A researcher from the VUB has developed a system that makes it possible to predict the failure of wind turbines due to early failure of components. He has specialized in condition monitoring, which involves monitoring the state of the machine using data generated by the sensors on the wind turbine, along with artificial intelligence. "If operators can anticipate that a particular component will fail, they can replace it during regular maintenance, so the turbine doesn't have to be idle," says Dr. Xavier Chesterman, who completed his PhD on this complex issue.
Early failure of turbine components, which results in downtime of the wind turbine, has an impact on profitability. On average, an offshore wind turbine fails 8.3 times per year (Carroll et al., 2016). Some components, depending on the type of wind turbine, are more prone to defects. These often involve the generator, the gearbox, or subcomponents of these parts, such as bearings and other moving elements.
The downtime costs operators, both offshore and on land, a lot of money. "Replacing those components during normal maintenance can significantly reduce maintenance costs and downtime," says Chesterman. "Predicting and diagnosing wind turbine failures is currently a problem that has not yet been adequately solved. A useful methodology must be able to detect various types of faults before they actually occur. The methodology must not only be able to detect when a component starts behaving abnormally but also interpret patterns in the abnormal behavior and prevent the defect from happening."
The sensors measure a wide range of things on a turbine, such as vibrations, abnormal temperature increases, and more. The main goal of the research was the development of an automatic fault prediction and diagnosis system for the drivetrain of wind turbines. For this, data that are standardly available, namely the so-called 10-minute Supervisory Control and Data Acquisition (SCADA) data and status logbook data, were used. Chesterman focused primarily on one type of signal: temperature. His system had to be capable of predicting failures and faults in the wind turbine drivetrain in advance by analyzing temperature signals from various components. "Furthermore, the system had to determine the type of fault based on patterns in the abnormal behavior of the wind turbine," Chesterman explains. "The system uses artificial intelligence (AI), more specifically machine learning and data mining. The vast amount of data makes it more difficult for experts to analyze and interpret patterns. Sometimes it's a combination of various signals that indicates where the failure will occur."

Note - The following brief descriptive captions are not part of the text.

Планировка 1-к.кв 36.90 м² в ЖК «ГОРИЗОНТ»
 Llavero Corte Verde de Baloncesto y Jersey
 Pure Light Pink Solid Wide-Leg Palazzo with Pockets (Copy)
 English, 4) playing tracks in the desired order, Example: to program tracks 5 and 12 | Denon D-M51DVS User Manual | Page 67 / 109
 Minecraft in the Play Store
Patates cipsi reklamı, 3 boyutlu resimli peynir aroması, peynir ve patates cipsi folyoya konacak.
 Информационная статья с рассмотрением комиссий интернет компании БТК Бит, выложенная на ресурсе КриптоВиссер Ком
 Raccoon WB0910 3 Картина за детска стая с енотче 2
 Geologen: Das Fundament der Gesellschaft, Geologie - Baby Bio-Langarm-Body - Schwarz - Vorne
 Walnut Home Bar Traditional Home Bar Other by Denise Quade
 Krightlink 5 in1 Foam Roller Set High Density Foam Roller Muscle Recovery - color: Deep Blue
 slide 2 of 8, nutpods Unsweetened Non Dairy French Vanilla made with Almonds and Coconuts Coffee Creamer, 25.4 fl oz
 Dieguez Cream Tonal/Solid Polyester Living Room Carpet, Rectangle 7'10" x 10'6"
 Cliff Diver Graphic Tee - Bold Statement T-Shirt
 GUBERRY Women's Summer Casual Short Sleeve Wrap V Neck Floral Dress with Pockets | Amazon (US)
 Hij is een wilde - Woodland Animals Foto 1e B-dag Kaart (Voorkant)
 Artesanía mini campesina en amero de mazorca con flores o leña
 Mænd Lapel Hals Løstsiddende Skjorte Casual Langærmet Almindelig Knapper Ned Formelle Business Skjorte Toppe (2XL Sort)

The developed system was practically tested on data from three operational wind turbine parks in the North Sea and the Baltic Sea. "The validation showed that the most effective fault prediction methodology can accurately and early detect certain faults, with an 80% confidence rate."
Chesterman now wants to take it a step further in his postdoc research. He plans to apply his data analysis techniques to other types of machines, such as compressors and agricultural machinery.